È una storia vecchia. La miccia dell'odio di Grillo nei confronti dei giornalisti affonda negli anni. La deflagrazione di due giorni fa, con l'aggressione al giornalista del programma di Paolo Del Debbio, è solo l'ultimo episodio di una guerra mai cessata. Anzi potremmo dire che, nella costellazione dei grillini, l'odio per i cronisti è la sesta stella. Il comico inizia ad attaccare il mondo dell'informazione ancor prima di fondare il suo movimento. Nel luglio del 2008, dal suo storico blog, lancia un'iniziativa delicatissima: «Sputtaniamoli». Il comico suggerisce ai suoi seguaci di inviargli articoli e nomi dei giornalisti incriminati (cioè quelli che osano muovergli una critica) affinché lui possa metterli alla gogna sul web. Siamo solo agli esordi, con il passare del tempo la tecnica si affina e diventa quotidiana con la rubrica «Il giornalista del giorno». Così l'ex comico ha modo di cucinarsi chiunque osi sollevare anche il minimo dubbio. Durante i vari V Day dal palco attacca costantemente i giornalisti e minaccia - una volta giunto al potere - di togliere tutti i fondi statali per l'editoria. L'idea fissa è solo una: far fuori giornali e televisioni. E poi un torrente continuo di insulti: «pennivendoli», «carogne», «servi degli editori». Arriva a proporre persino il confinamento fisico dei cronisti: «Non possono infestare Camera e Senato, vanno disciplinati in appositi spazi esterni». E infatti, coerente con se stesso, al grande raduno dei 5 Stelle del 2017 a Rimini, fa posizionare la sala stampa accanto ai servizi igienici. Durante una diretta web umilia un giornalista di Italpress con una spacconata da comico arricchito: «Quella voce li' la conosco, è di un povero ragazzo frustrato che deve dire che ha sentito una cosa che non ha sentito per 10 euro a pezzo». L'Ordine dei Giornalisti giustamente s'indigna, ma sono talmente tanti gli attacchi che dopo un po' smette pure l'Ordine di indignarsi.

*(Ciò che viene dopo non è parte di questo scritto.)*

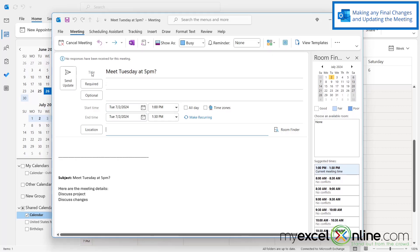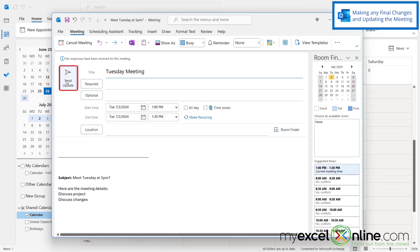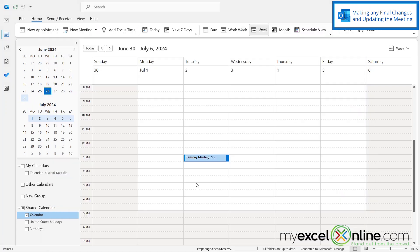If there's anything else I want to add to this meeting — like maybe 'Tuesday meeting,' since it's no longer at five o'clock — I can type in any updates, I can invite any new people, and then I can just click Send Update. And then I can see that my meeting has moved on my calendar.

La frase più celebre rivolta ai cronisti è del 2017: «Ma non vi vergognate? Vi mangerei, solo per il gusto di vomitarvi». Una roba da dittatore sudamericano. Pochi giorni dopo, per le strade di Roma, dispensa loro finte banconote da mille euro: «Ora scrivete quello che dico io». Nella sua logica, assolutamente totalitaria, i giornali e le tv sono dei nemici da silenziare, perché esiste una sola gazzetta ufficiale, una bocca della verità dalla quale tutti devono abbeverarsi possibilmente senza fare troppe domande: il suo blog. Dopo dieci anni di insulti e minacce - terminati i fasti di un Movimento 5 Stelle in perenne ascesa ed esaurita la sua influenza sui grillini -, ha deciso di passare direttamente dalle parole ai fatti: buttando giù dalle scale un inviato di Mediaset.
Non è solo una aggressione vigliacca, è la rappresentazione plastica di un leader frustrato (proprio come il freelance di cui sopra) arrivato al capolinea politico. Una triste parabola che, al netto di insulti e spintoni, i giornalisti seguiteranno a raccontare.